## EXERCISE AIM
Only lines holding "Image" are wanted; copy each of them from the records below.
++++
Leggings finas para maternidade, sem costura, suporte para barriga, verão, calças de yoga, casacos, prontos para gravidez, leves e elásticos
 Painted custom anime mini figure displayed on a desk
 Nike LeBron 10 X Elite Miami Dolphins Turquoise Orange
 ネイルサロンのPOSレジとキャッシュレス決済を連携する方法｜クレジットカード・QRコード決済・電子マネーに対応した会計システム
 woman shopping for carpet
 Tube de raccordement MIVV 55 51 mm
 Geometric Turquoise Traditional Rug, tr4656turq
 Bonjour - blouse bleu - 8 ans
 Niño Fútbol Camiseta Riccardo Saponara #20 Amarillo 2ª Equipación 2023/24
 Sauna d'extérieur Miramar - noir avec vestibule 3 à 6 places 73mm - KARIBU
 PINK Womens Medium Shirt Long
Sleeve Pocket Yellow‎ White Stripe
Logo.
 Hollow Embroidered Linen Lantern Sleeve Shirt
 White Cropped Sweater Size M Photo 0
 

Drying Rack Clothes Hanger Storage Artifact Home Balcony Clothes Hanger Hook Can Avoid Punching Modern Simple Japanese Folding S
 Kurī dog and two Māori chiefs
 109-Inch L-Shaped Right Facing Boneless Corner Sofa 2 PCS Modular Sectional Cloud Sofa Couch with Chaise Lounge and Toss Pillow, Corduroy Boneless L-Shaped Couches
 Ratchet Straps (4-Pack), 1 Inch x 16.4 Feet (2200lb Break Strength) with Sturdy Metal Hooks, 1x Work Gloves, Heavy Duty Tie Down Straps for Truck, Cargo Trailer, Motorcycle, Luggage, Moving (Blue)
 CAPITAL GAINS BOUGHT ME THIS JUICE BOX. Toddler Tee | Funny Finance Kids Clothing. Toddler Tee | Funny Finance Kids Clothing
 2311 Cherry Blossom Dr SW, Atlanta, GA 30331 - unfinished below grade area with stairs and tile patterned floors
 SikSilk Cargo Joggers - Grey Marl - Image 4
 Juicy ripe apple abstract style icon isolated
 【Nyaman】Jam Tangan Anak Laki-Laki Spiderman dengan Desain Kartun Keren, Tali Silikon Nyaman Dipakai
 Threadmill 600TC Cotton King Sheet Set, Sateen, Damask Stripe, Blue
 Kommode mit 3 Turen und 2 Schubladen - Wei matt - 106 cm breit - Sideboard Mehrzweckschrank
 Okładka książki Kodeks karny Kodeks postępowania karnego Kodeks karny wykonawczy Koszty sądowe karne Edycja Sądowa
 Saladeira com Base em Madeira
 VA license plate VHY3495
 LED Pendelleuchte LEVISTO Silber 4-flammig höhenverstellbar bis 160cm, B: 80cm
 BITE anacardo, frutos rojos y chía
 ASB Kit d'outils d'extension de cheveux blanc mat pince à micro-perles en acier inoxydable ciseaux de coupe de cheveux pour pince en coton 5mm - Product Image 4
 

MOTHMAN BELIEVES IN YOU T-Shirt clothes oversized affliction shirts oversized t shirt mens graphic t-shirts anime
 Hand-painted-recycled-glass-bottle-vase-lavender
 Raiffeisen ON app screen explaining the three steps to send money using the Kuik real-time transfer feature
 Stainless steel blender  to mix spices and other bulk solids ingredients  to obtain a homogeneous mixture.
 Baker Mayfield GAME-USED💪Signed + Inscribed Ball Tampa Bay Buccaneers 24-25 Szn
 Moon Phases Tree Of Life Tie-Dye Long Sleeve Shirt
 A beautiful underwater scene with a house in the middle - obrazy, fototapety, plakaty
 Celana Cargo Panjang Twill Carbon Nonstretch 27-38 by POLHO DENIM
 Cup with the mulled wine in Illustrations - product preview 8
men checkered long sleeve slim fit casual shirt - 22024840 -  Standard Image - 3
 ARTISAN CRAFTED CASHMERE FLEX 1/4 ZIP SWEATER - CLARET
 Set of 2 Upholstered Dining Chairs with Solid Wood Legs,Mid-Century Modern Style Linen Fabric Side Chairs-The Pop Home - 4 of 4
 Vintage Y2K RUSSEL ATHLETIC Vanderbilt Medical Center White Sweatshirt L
++++
## WRITTEN ANSWER
 SikSilk Cargo Joggers - Grey Marl - Image 4
 ASB Kit d'outils d'extension de cheveux blanc mat pince à micro-perles en acier inoxydable ciseaux de coupe de cheveux pour pince en coton 5mm - Product Image 4
men checkered long sleeve slim fit casual shirt - 22024840 -  Standard Image - 3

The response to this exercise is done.